April 25, 2008

Joan's Mad Monarchs This is an old site, but it's a good 'un, and I've never seen it here on MoFi.

It features peculiar plutocrats all the way from Nabonidus of Babylon (c. 539 BC) to Farouk of Egypt (1920-1965).

  • Many fascinating stories there! And the writing style is humorous but sympathetic. Bookmarked for much later perusal. I keep finding myself in operettas where the ubuiquitous prince is played by the ubiquitous clumsy, tongue-tied tenor. "It's the inbreeding" quickly becomes a catchphrase in rehearsal.
  • It is so interesting that countries seemed to have little or no means (interest?) in removing monarchs regardless of their ability to do their jobs. That had to be a pretty big flaw in the system.
  • Heck, here in the present-day U.S. we HAVE procedures in place for it, and we still don't do it.

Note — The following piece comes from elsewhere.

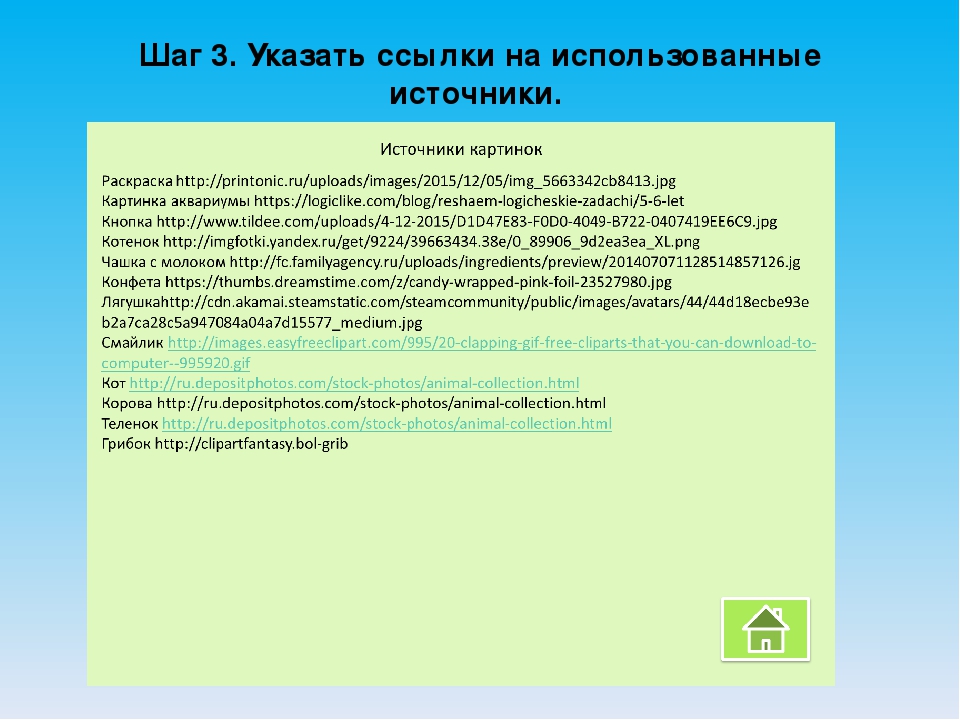 Мастер-класс "Технологический прием интерактивная раскраска при создании интерактивной игры".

It's that whole rather-bear-those-ills-we-have-than-fly-to-others-that-we-know-not-of, all-experience-hath-shewn-that-mankind-are-more-disposed-to-suffer-while-evils-are-sufferable-than-to-right-themselves-by-abolishing-the-forms-to-which-they-are-accustomed bugaboo.
  • I think it was lodged in the medieval mind that monarchy was inevitable as well as just. Even armed rebellions used to profess loyalty to the very King they were fighting, and claim they merely wanted to appeal to him, or free him from bad counsellors. It dawned on people very slowly that you could actually be against the King. The Swiss turned out to be able to do without their feudal overlords, then the Dutch; then the English found out more or less accidentally that you could actually kill the King, and without crowning a new one too. The rest is history.
  • Outstanding! Fun reading.
  • I suppose you could say that the medieval assumptions about monarchy are like US assumptions about the Constitution - even people who seem objectively to be against the Constitution have to pretend they are all for it and merely want to amend it, or bring out the true intentions behind it, or whatever. Nobody can say; yes, I am against the Constituion, let's just get rid of it, just as nobody in the Middle Ages could say 'I'm against the King, let's get rid of monarchy altogether'.
  • In most monarchies the King was either seen and worshipped as a god, or was legitimized by God (as is/was the case with English/British monarchs). In either case, it was an act of heresy to oppose the crown.
  • King George III: "Bravo. You know, my son, for the first time in my life I have a real fatherly feeling about you. People may say I'm stark raving mad and say the word Penguin after each sentence, but I believe that we two can make Britain Great - you as the Prince Regent and I as King Penguin."
  • These people aren't just mad, they're just plain crazy!
  • I see you trollage Pleg and raise you: Speaking of royal insanity, I see there is a move to change the succession laws to give royal daughters the same place in line to the British throne that sons have. The irony of that amused me, that they are worried about P.C. gender equality when the entire system is a dictionary definition for nepotism. Isn't that like putting a sprinkle of sugar on rat poison? "...some watery tart hands you a scimitar - what basis for a system of government is that..." Good job that Presidents' sons and wives don't get easier access to the job of ruling in the US, eh?
  • No, I sort of agree: if you're going to tinker with the system you might as well get rid of it. If we could just drop the monarchy, or leave it as a constitutional fiction uninhabited by an actual monarch, I'd be happy: but I fear that if the Queen/King was done away with the politicians would foist a President on us, and you only have to think of who it might be to realise that that would not be a turn for the better.